Ashley Madison hack in a nutshell

About 37 million nightmares came true on July 20, when Ashley Madison, a Canadian dating website for cheating spouses, was hacked. The site, whose tag line is ‘Life is short. Have an affair’, operates in 48 countries, in 19 languages, and signs up close to 35,000 users on a daily basis. Users over 18 can sign up with a pseudonym and list details like sexual preferences for free. It’s only when they start chatting or exchanging photos with other users that the fees (and possibly the stakes) start to pile up. Since it was launched in 2001, Ashley Madison has been a safe space for adulterers looking for respite from their marriages without the uncertainty and fear of IRL courtship (dating is hard!).

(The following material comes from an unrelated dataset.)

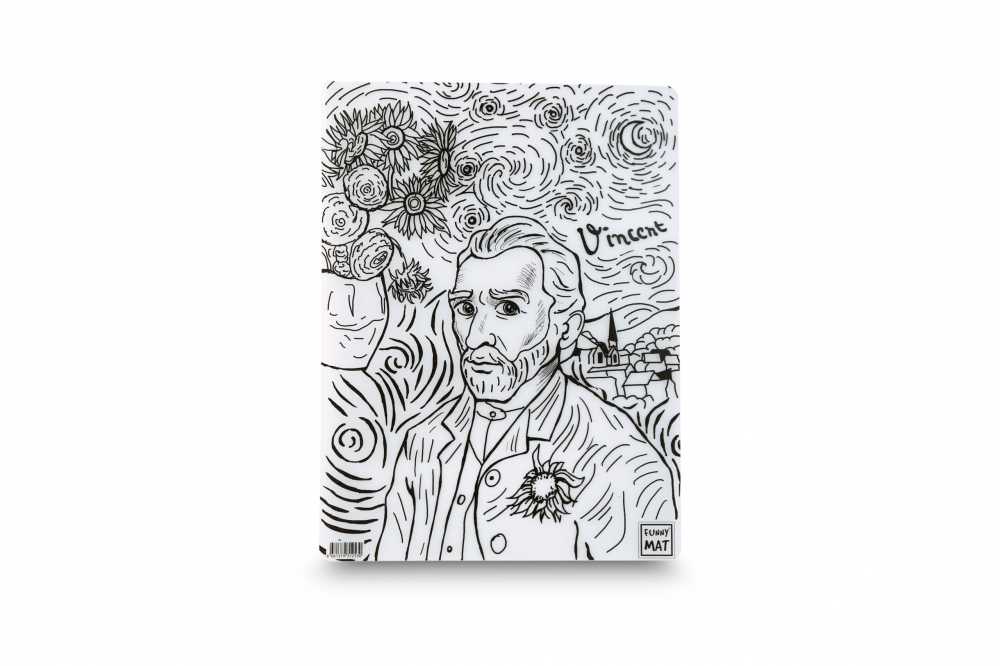 Planșă Reutilizabilă de Colorat – Vincent van Gogh – 30 x 40 cm – Artă Interactivă pentru Copii și Adulți [2]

The hackers (a group called the Impact Team – an inside job, if rumours are true) threatened to go live with intimate details and photos of all the website’s users unless it shut down its operations. They claim the company doesn’t permanently delete user profiles and personal information – including credit card details, real names and addresses, employee numbers and sexual fantasies – as it promises to for an extra fee of USD 20; the marriage-destroying continues to exist on their servers. Ironically, the hackers are threatening to reveal details of the very same users whose USD 20 worth of privacy they’re supposedly doing this for because, “they’re cheating dirtbags who deserve no such discretion”. Well, that’s nice.